Leo sips and does not deny it. “Do you want that,” he asks. “Arranged marriage. Easy alliance. Little work.”
“I want whatever makes money,” I say.
Aleksei snorts. “On his wedding night he will be making love to his laptop. Spare some poor girl that nightmare, Leonid.”
The words ‘wedding night’ and ‘making love’ slam into my brain, creating a strange visual.
Callista, under me on a bed I have never seen, silk sliding off her shoulders as she pulls at her wedding gown.
Her mouth flushed from my kiss. Her eyes glassy and wet and angry, not because she is afraid, because she is drowning in the same fire that is curling through my blood right now.
I feel hot. My body has been feeling tense since I kissed her.
I have kissed other girls before. Fucked them, too.
But it never made me feel anything. It was cold, transactional.
And I forgot about it soon after. But Callista’s tear-streaked face, soft voice, and trusting eyes are imprinted into my brain like a tattoo.
My kiss with Callista was meant to be a transaction, too.
But it was a revelation. A revelation that I can feel more than I thought I was capable of feeling.
Her beauty softened something inside me. She made me ache for an emotion I cannot even name.

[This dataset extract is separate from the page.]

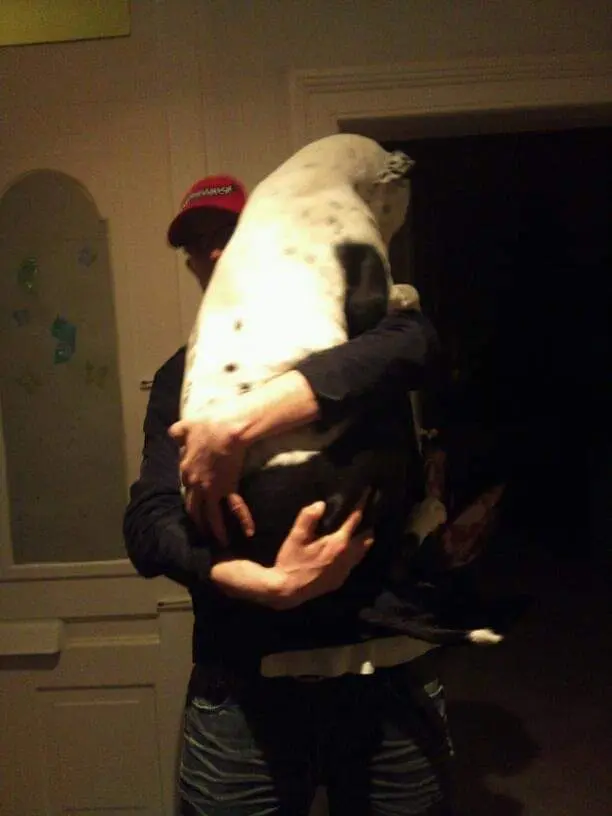 Bild von Spaghetti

All I need is leverage. A tool. Most women I sleep with are shallow. What you see is what you get. But Callista is complex. She’s like an onion. The more layers you peel, the more layers she has. And seeing a part of her she doesn’t show other people felt like intimacy.

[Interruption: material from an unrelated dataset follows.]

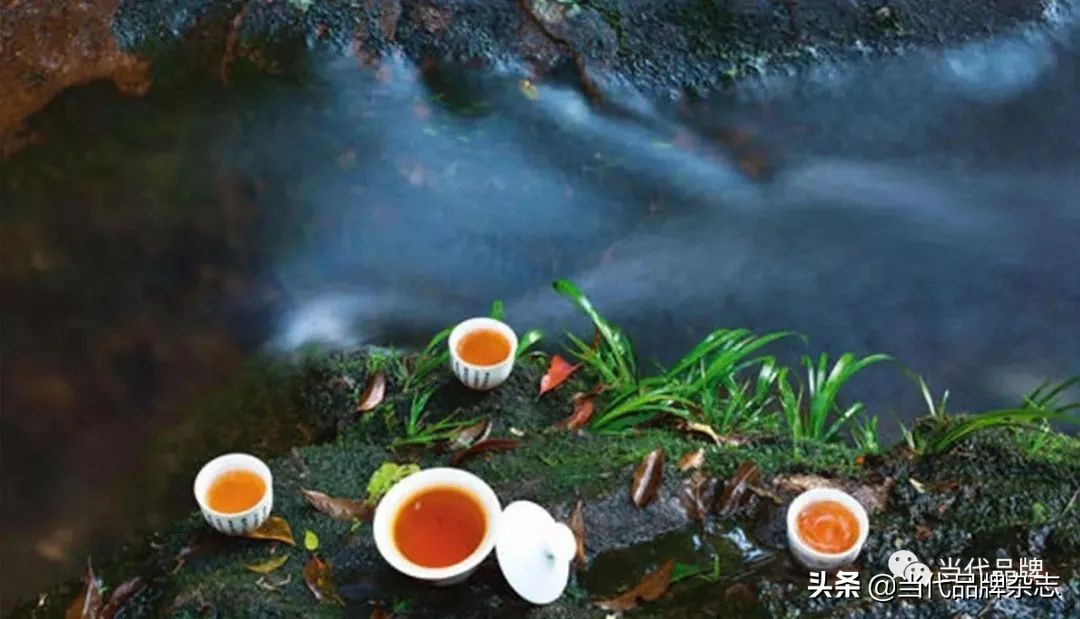 2020年中国十大名茶排行榜揭晓，品质再创新高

For one second, I felt alive in a way I never feel in classrooms, never feel even when the numbers hit the exact shape I planned.
Her lie is better than other people's truths.

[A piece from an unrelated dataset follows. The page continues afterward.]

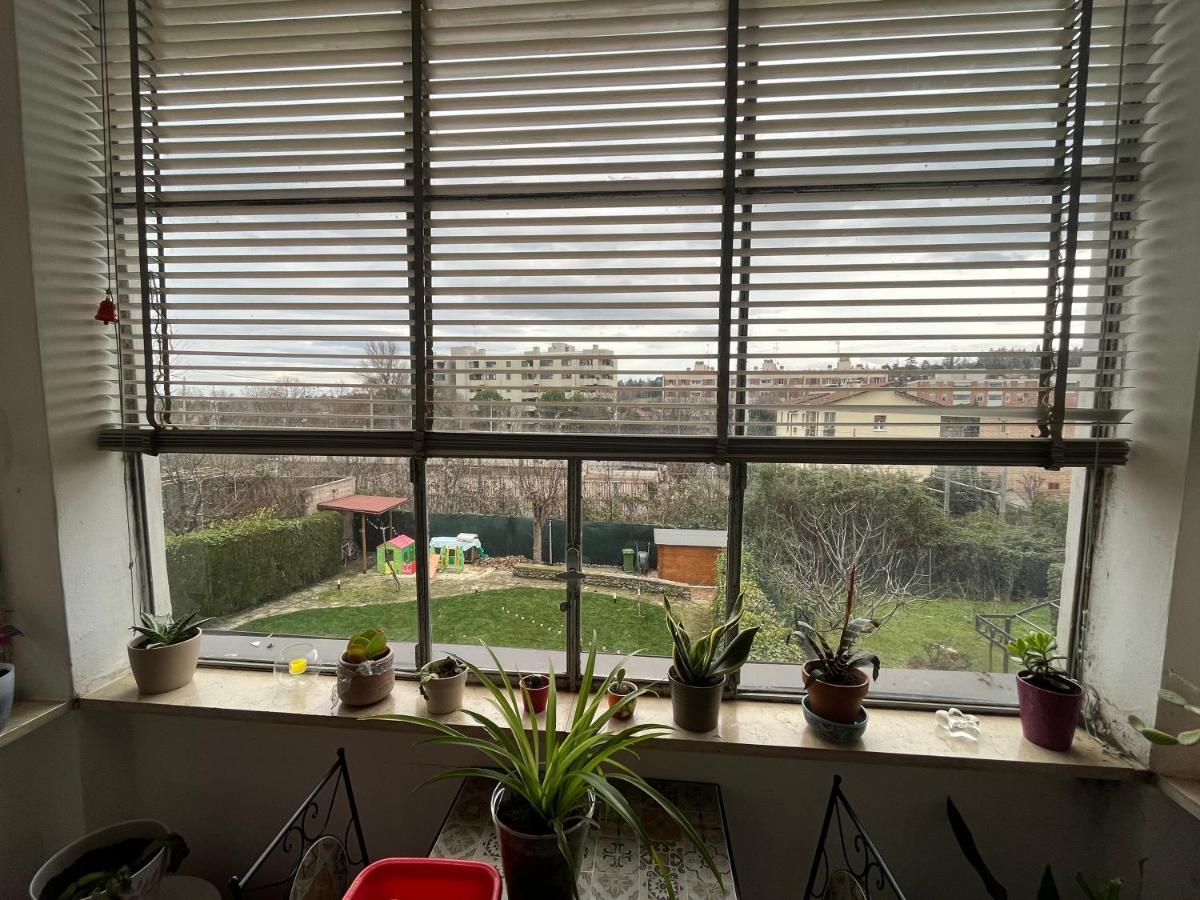 ボローニャ Casa Filippini Bed & Breakfast エクステリア 写真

She thinks she is pretending to be someone else, but the version she is concealing is louder, brighter, more interesting than any of the girls who orbit these parties.
I breathe. I keep my voice flat. “It was nothing.”
Aleksei narrows his eyes. “You are red like a teenager.”
“Eat your pie,” I say.
He grins, then sits forward, elbows on knees. “What is her name.”
I let the silence do the work. He will feel me lock down and leave it. He always does when it matters.
Leo sets his glass aside. The mellow look shifts and the room tilts toward business.
“Since we are confessing, there is a thing you should hear. We have trouble on the east side. The laundromat on Blackstone. People in suits have taken an interest. Two visits in a week. One of the cashiers is talking too much to the wrong men.”
The warmth drops out of my stomach. The buzz of the kiss is gone, just like that. The dull math of risk calculation returns, fast and clean.
“Feds,” I say.
Leo nods. “They look like it.”
Aleksei goes still. The silly big brother who mourned his late night snack is gone. The enforcer is here now, quiet and sharp, eyes like ice water. “Names.”
“Not yet,” Leo says. “They are careful. I want you to look at the cameras and the alley route. Go tonight if you can, tomorrow at the latest. Do not spook the clerk. We switch him out after you are done. Dmitry will reroute cash until then.”
“I will go,” Aleksei says. He is already somewhere else in his head, walking a hallway, counting steps.